For the Birds Radio Program: A Visit to the Field Museum of Natural History
This program originally aired when Laura’s children were young and her family went “birding” to see Ivory-billed Woodpeckers and other extinct species at the Field Museum of Natural History, back in 2000. In 2017, Laura is most distressed that this program displays her utter ignorance about an important issue. In reference to the ceremonial regalia worn by First Nations, she used the word “costumes,” a disrespectful term that trivializes important cultural garb in the same way that it would be disrespectful to refer to a Catholic priest’s vestments or a nurse’s or firefighter’s working clothing as a costume. This trivializes important garb as if the wearer is play acting or pretending to be something else, like a child wearing a Teenage Mutant Ninja Turtle costume for Halloween. The overall content of the program has some value, but Laura is mortified that she was so insensitive.
Transcript
On the Fourth of July, my family went to Chicago. The Chicago park district has some excellent birding spots, and we were at my favorite. First I saw a pair of Ivory-billed Woodpeckers in perfect plumage, close enough to see the bills once coveted as ornaments for native American tools and ceremonial costumes. [NOTE: This was an unconscionable word choice in reference to the regalia worn in First Nation ceremonies.] Their crests glowed crimson, and the huge white patches on their folded wings gleamed in the forest gloom.
Nearby, a male Bachman’s Warbler perched, and I didn’t have to go far to see a pair of Passenger Pigeons, and then a flock of about 15 more.

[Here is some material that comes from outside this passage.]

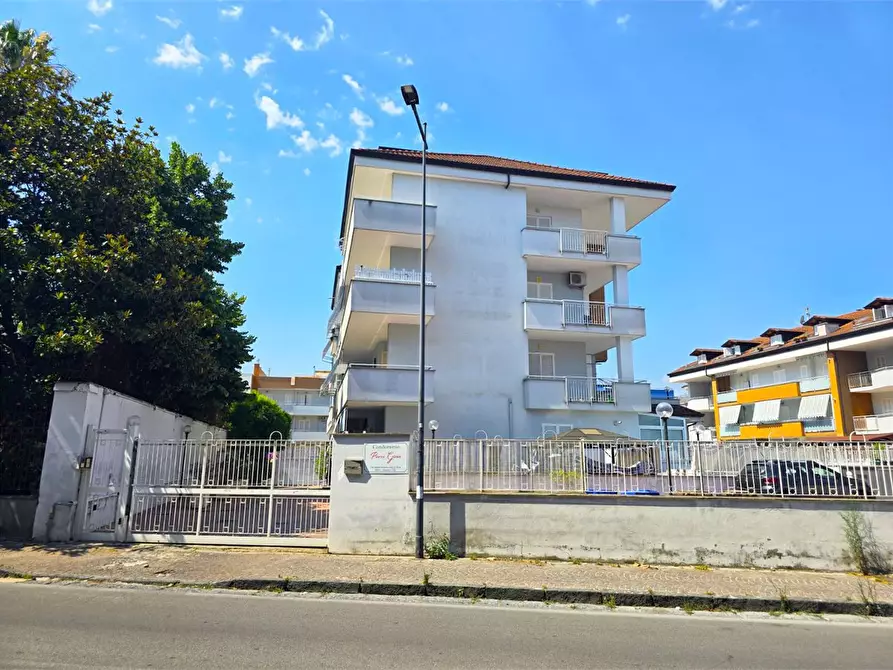 Immagine 1 di Appartamento in vendita  99 a Mugnano Di Napoli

There were two Carolina Parakeets, too—shockingly green with brilliant yellow heads and scarlet masks. How such tropical-looking birds survived frigid Midwestern winters I couldn’t fathom. A single Heath Hen and a pair of Labrador Ducks came into view, and then I came upon the most amazing sight of all—a Great Auk!. I wasn’t expecting this magnificent oceanic species in downtown Chicago, especially because it’s been extinct since the 1600s. But I’ve learned to expect the unexpected at the Field Museum of Natural History.
Almost every North American bird is at the Field Museum, and if they’re all dead, looking at the world through plastic eyes, their hearts and souls replaced with sawdust, they’re still somehow real. Museum taxidermists are more talented than all the king’s horses and all the king’s men—these specimens don’t show a single crack. The dried flesh on the California Condors’ bald heads was painted so skillfully that they looked vital and alive. How poignant to see these life-like birds—not mannequins, not carvings, but birds whose feathers grew out of living tissue, whose throats once erupted in songs and calls, perhaps pleading for mercy, perhaps screaming defiance with their final breaths.
A display case filled with hummingbirds fills me with wonderment. How exactly does one kill such tiny birds without damaging their plumage? What odd impulse makes us display these dead bodies like Norman Bates’s crows? And why do I love looking at them? Although most specimens added in the last twenty years died accidentally, mostly under downtown skyscrapers or picture windows, most of the older specimens, including the extinct species, were shot by ornithologists. I wonder what went through their minds as they gazed upon the living birds, shot them, and held their limp, warm bodies in their hands. Were the sightless eyes still open and moist? In the 1700s, Mozart wept when his pet starling died. How is it that scientists who knew the most about birds, and who dedicated their lives to understanding ever more about them, could rob so many birds of their most definitive quality—their vitality? How can biologists, students of life itself, see so far when they stand on the shoulders of death?
I don’t mind living on a planet bereft of dinosaurs. Looking at Sue, the largest, most intact Tyrannosaurus Rex ever found, on display outside the bird room, I know I wouldn’t want to run into anything like her on a birding expedition. Dinosaurs and humans never coexisted on this planet, and weren’t meant to live here at the same time. But I feel the pangs of loss gazing at the Passenger Pigeons, who were meant to live side by side with humans—with me. How vivid blue and rosy their lifeless plumage still is!
And those gorgeous Carolina Parakeets! The earth was diminished when life was extinguished from these exquisite shells, and we as a species are diminished for having killed so many. The display case of extinct birds is filled to capacity, and I feel a quiet but palpable fury that people so cavalierly destroyed so many species, one by one, without yet learning a lesson from it.
These pitiful dead bodies renew my resolve to protect the birds we still have, for my children and my children’s children, and for themselves—the living, breathing, vital creatures that bring so much beauty and song to this planet we are meant to share.